[WORK REQUEST]: Please set down each of the lines below once more, exactly, omitting all pictures.

▼

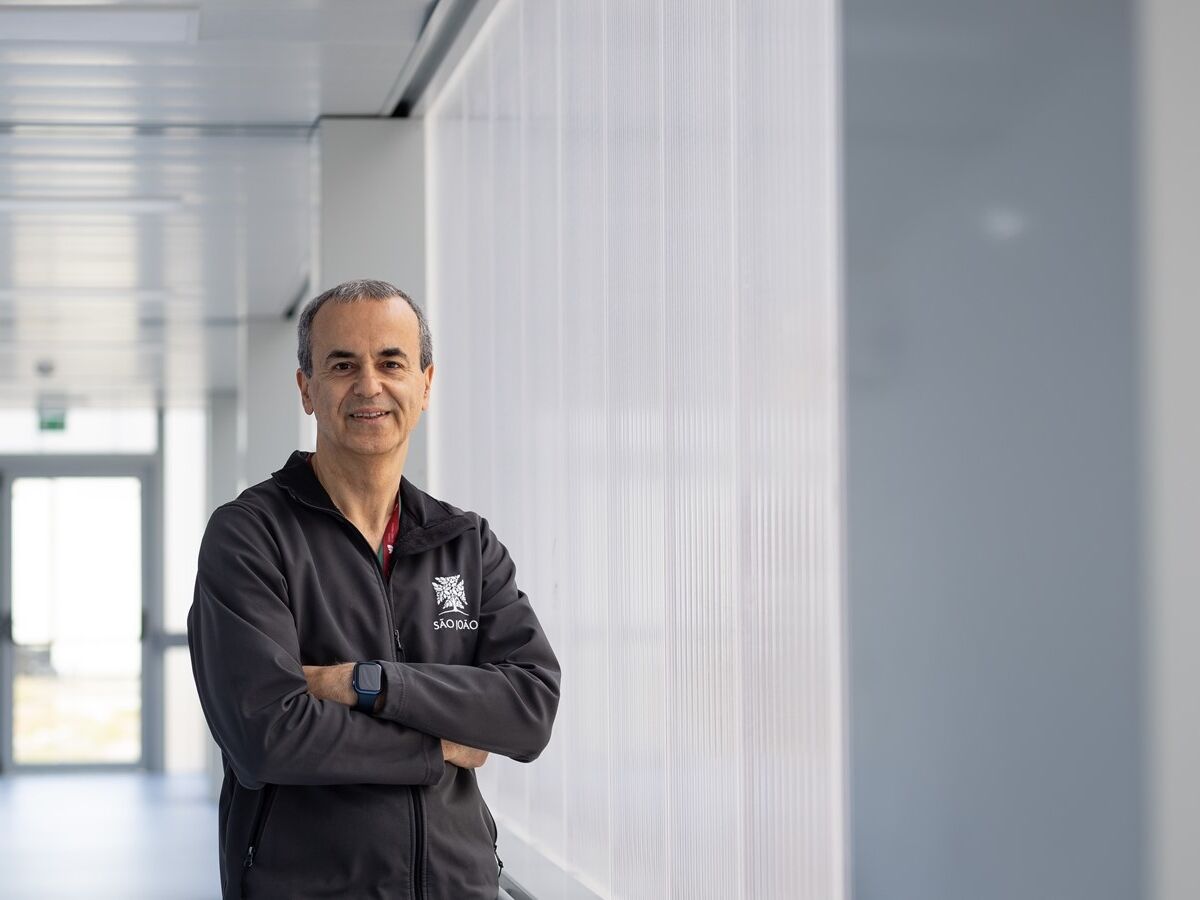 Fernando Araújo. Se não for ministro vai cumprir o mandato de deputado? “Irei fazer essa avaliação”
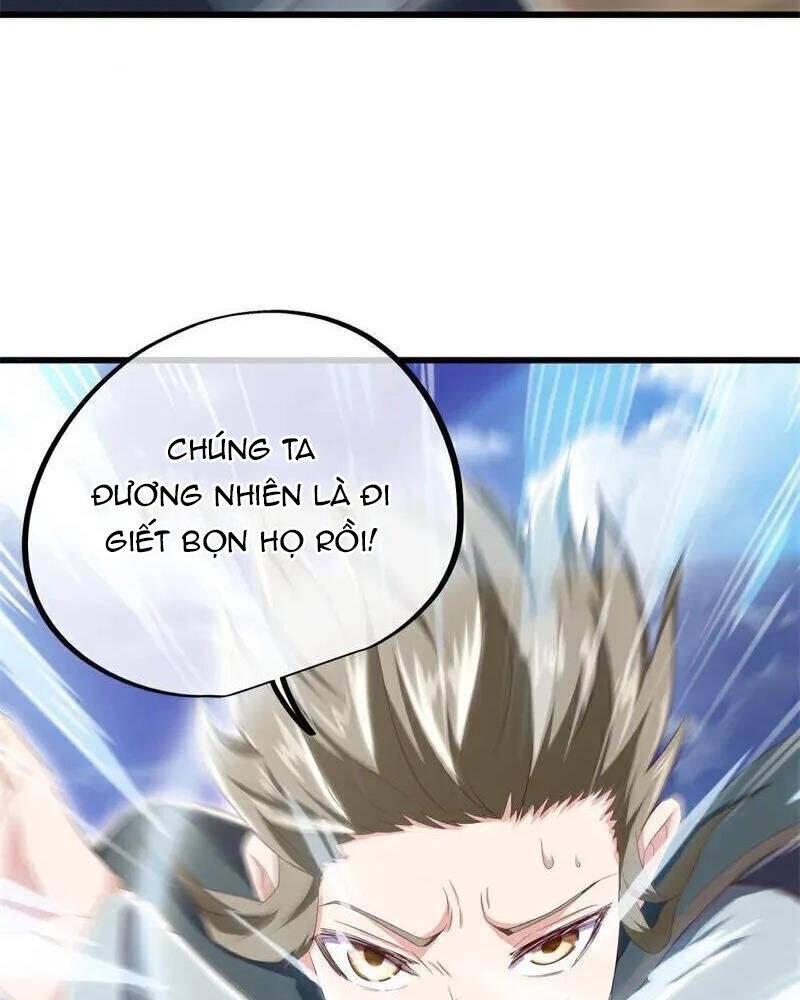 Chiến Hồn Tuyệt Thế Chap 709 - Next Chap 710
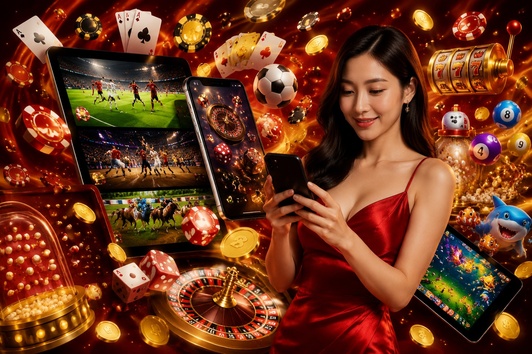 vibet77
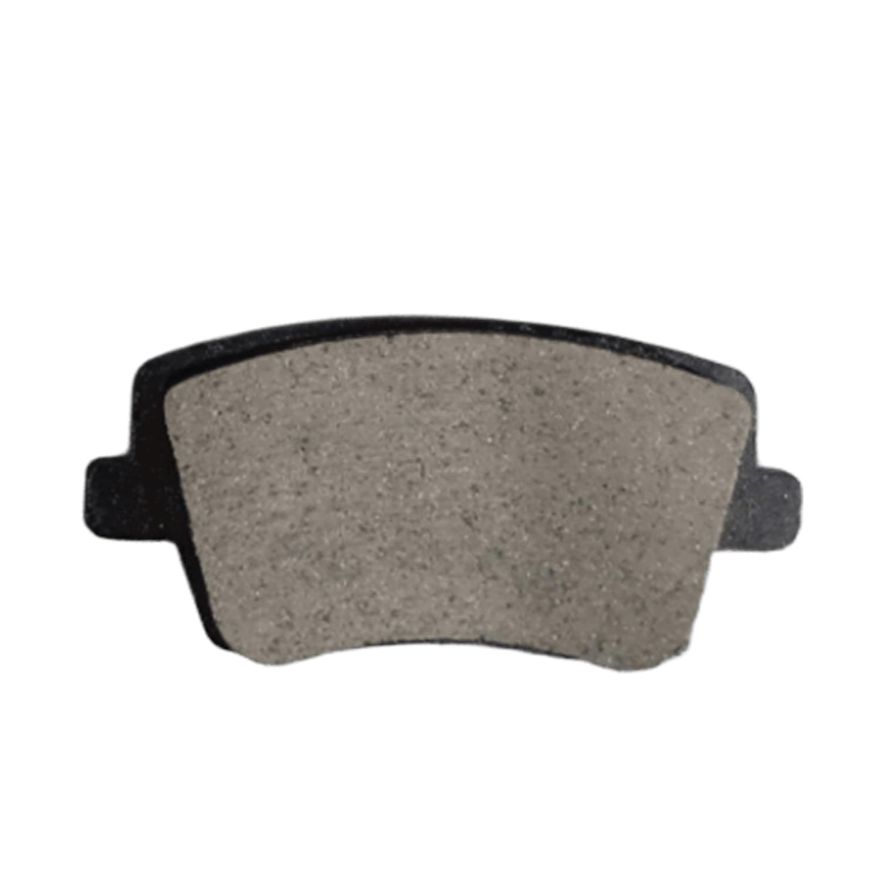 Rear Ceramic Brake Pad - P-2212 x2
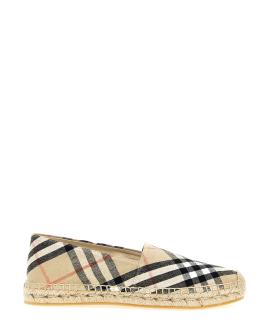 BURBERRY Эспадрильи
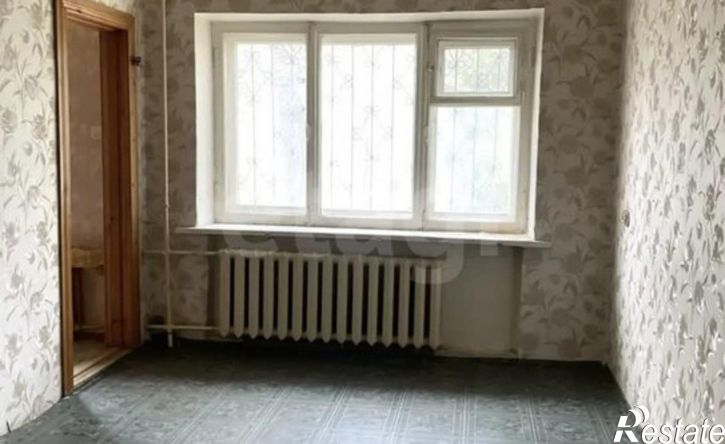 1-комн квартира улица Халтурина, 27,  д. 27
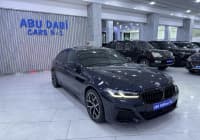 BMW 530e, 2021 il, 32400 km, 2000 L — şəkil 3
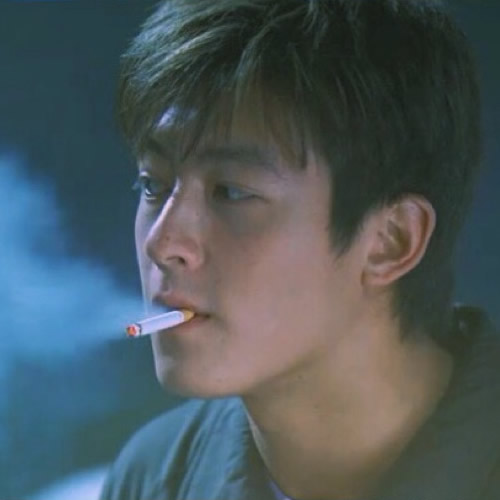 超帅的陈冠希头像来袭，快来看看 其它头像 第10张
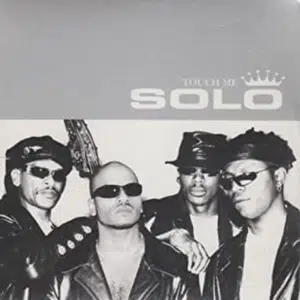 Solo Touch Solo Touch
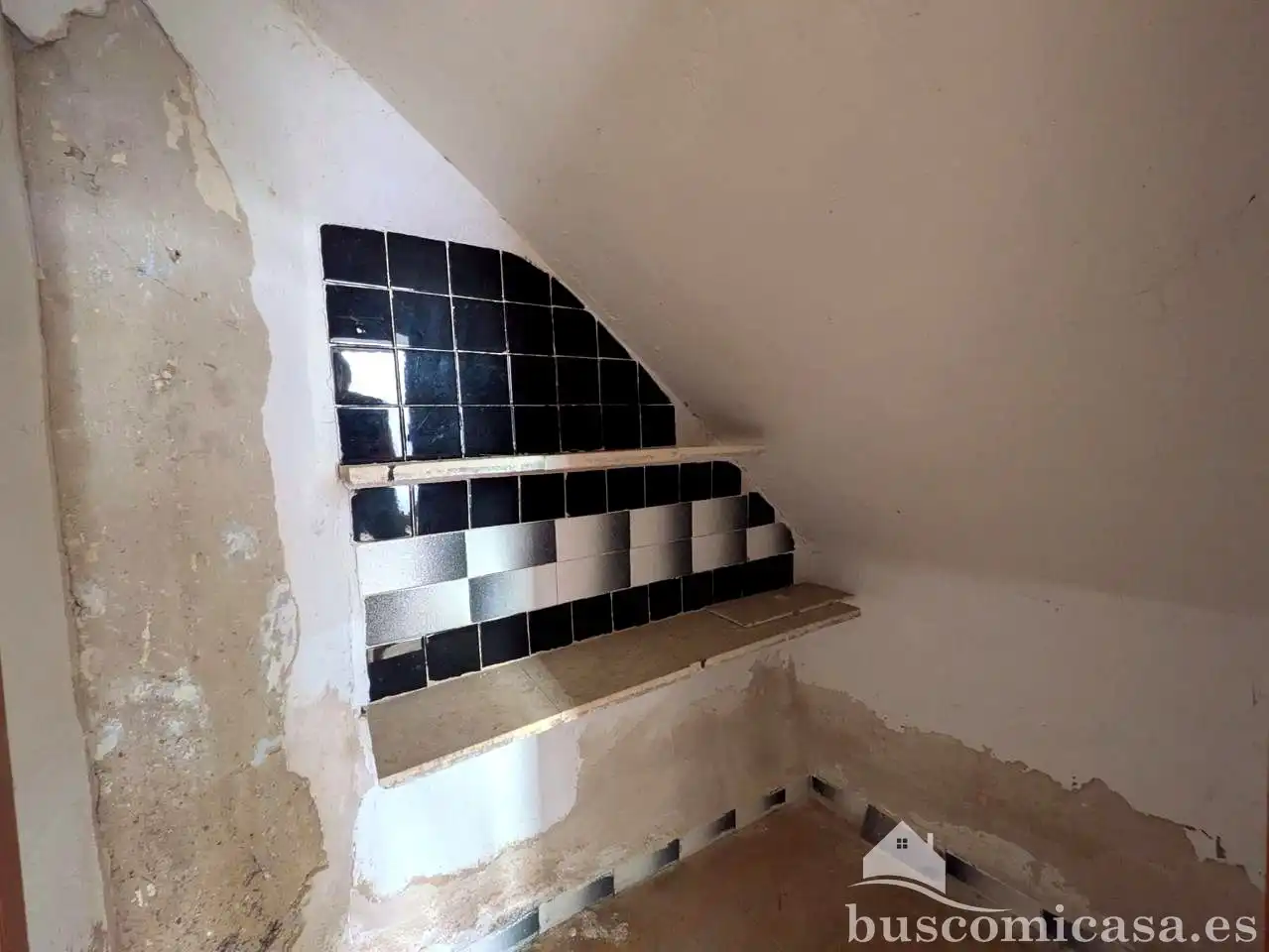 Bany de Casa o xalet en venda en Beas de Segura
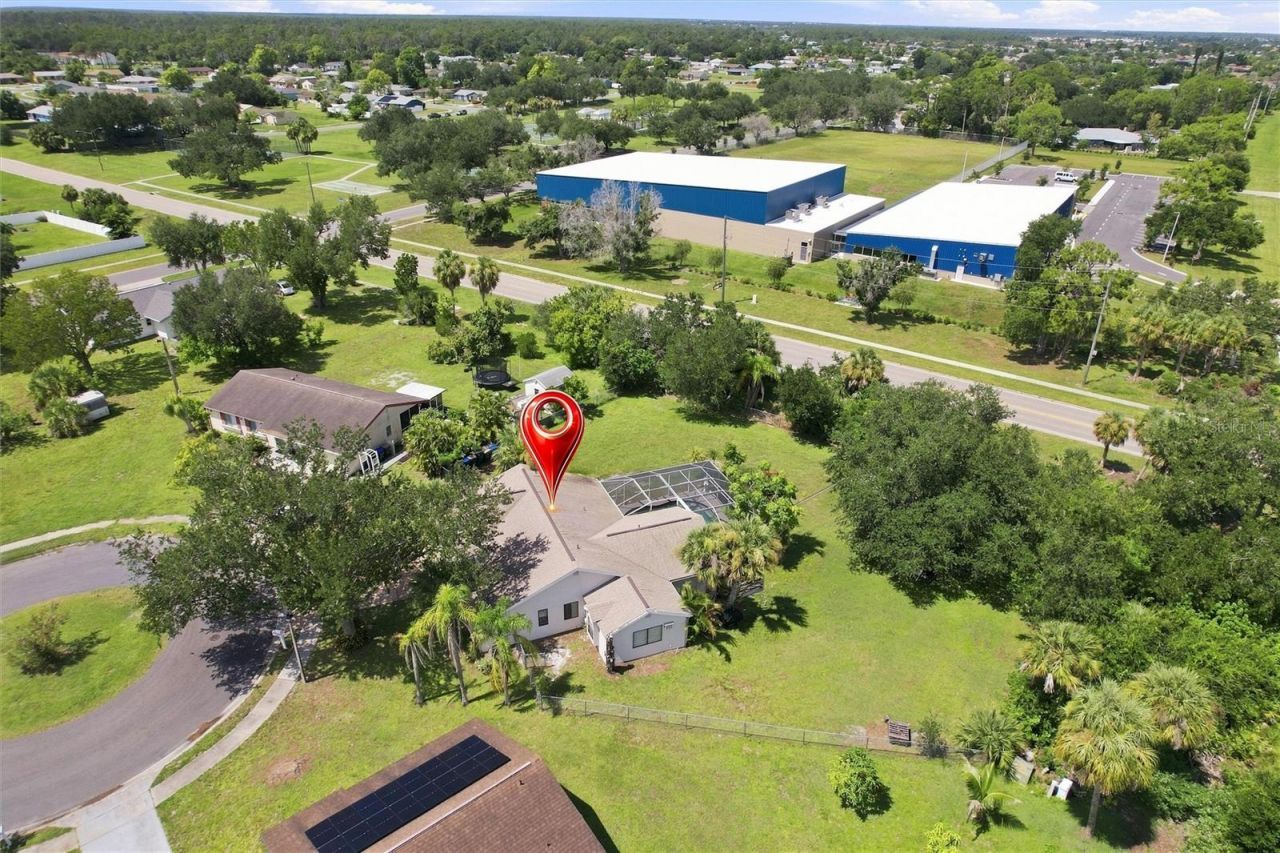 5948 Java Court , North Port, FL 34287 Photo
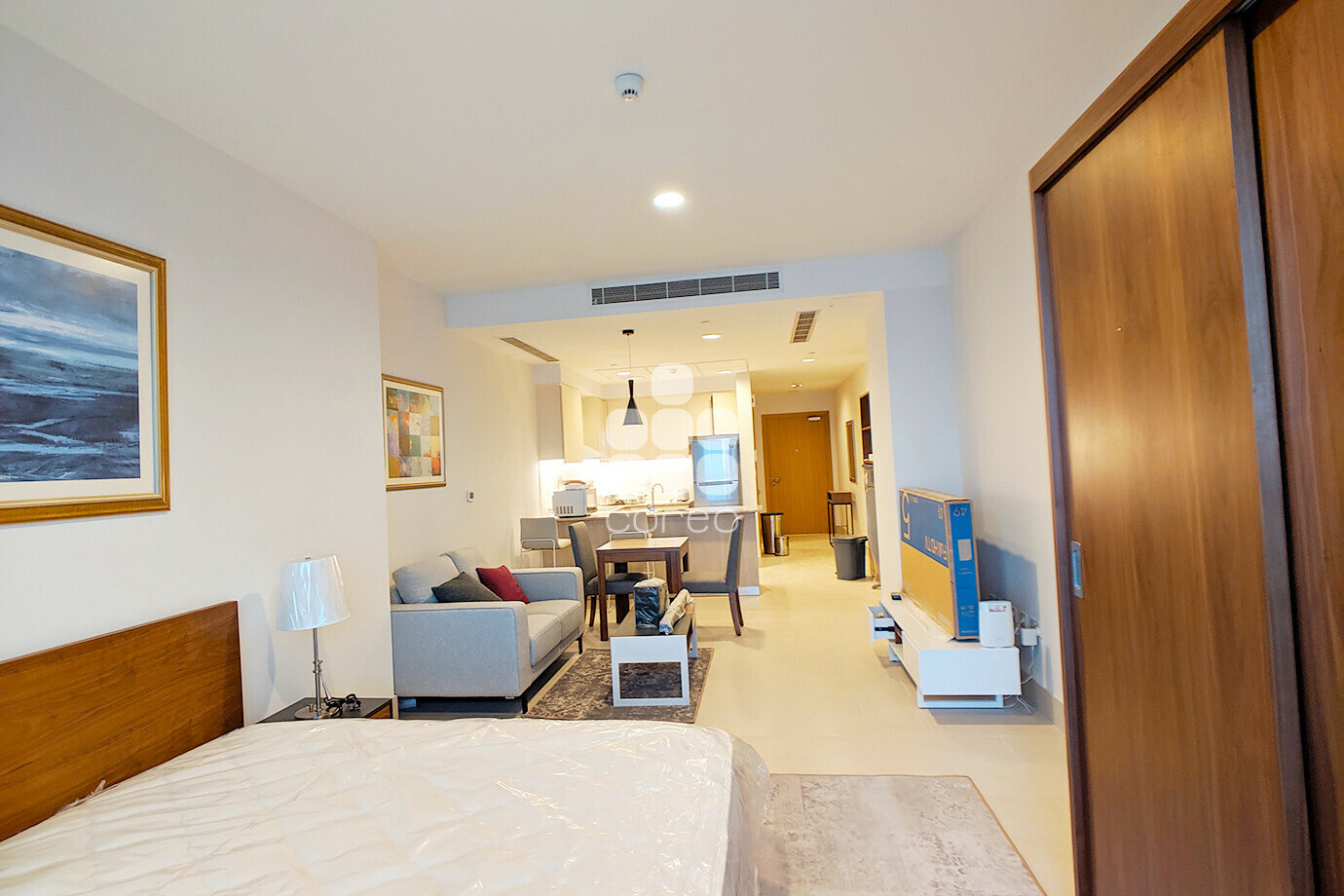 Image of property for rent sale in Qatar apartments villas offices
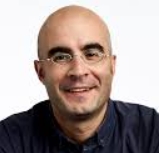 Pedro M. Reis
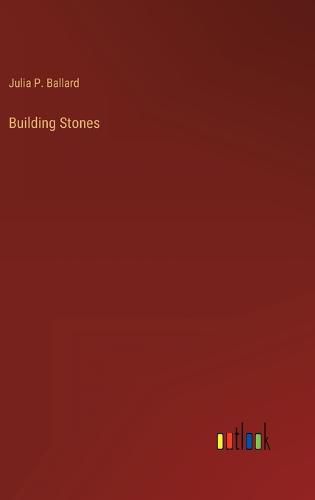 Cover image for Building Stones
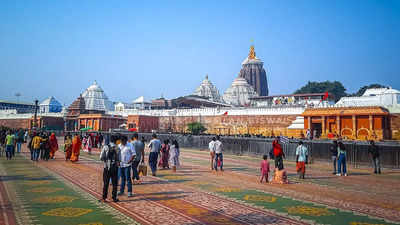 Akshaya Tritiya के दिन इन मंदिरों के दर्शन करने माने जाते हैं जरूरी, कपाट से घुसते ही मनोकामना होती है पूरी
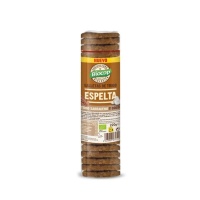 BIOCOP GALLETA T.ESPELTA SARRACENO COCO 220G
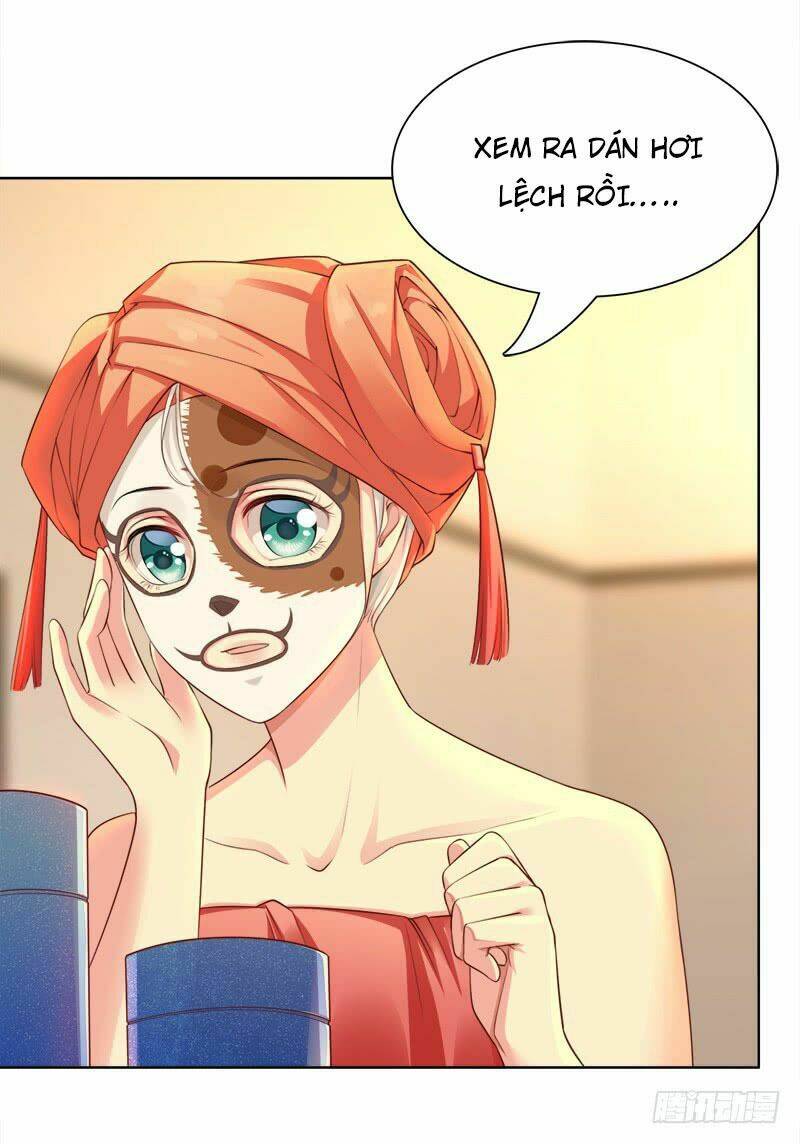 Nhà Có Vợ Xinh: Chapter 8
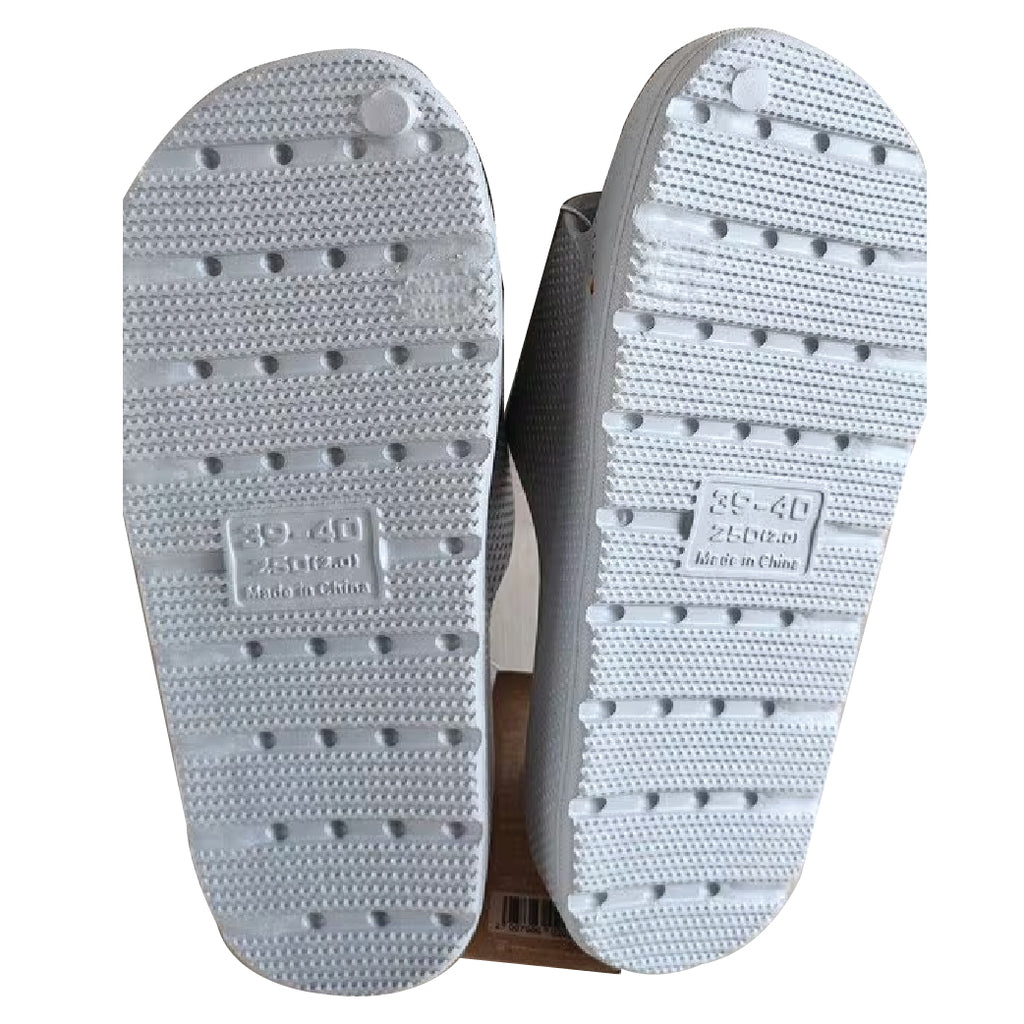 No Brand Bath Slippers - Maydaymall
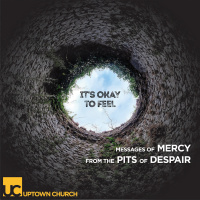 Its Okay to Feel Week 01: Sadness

▲

[RESPONSE BELOW]:
 Fernando Araújo. Se não for ministro vai cumprir o mandato de deputado? “Irei fazer essa avaliação”
 Chiến Hồn Tuyệt Thế Chap 709 - Next Chap 710
 vibet77
 Rear Ceramic Brake Pad - P-2212 x2
 BURBERRY Эспадрильи
 1-комн квартира улица Халтурина, 27,  д. 27
 BMW 530e, 2021 il, 32400 km, 2000 L — şəkil 3
 超帅的陈冠希头像来袭，快来看看 其它头像 第10张
 Solo Touch Solo Touch
 Bany de Casa o xalet en venda en Beas de Segura
 5948 Java Court , North Port, FL 34287 Photo
 Image of property for rent sale in Qatar apartments villas offices
 Pedro M. Reis
 Cover image for Building Stones
 Akshaya Tritiya के दिन इन मंदिरों के दर्शन करने माने जाते हैं जरूरी, कपाट से घुसते ही मनोकामना होती है पूरी
 BIOCOP GALLETA T.ESPELTA SARRACENO COCO 220G
 Nhà Có Vợ Xinh: Chapter 8
 No Brand Bath Slippers - Maydaymall
 Its Okay to Feel Week 01: Sadness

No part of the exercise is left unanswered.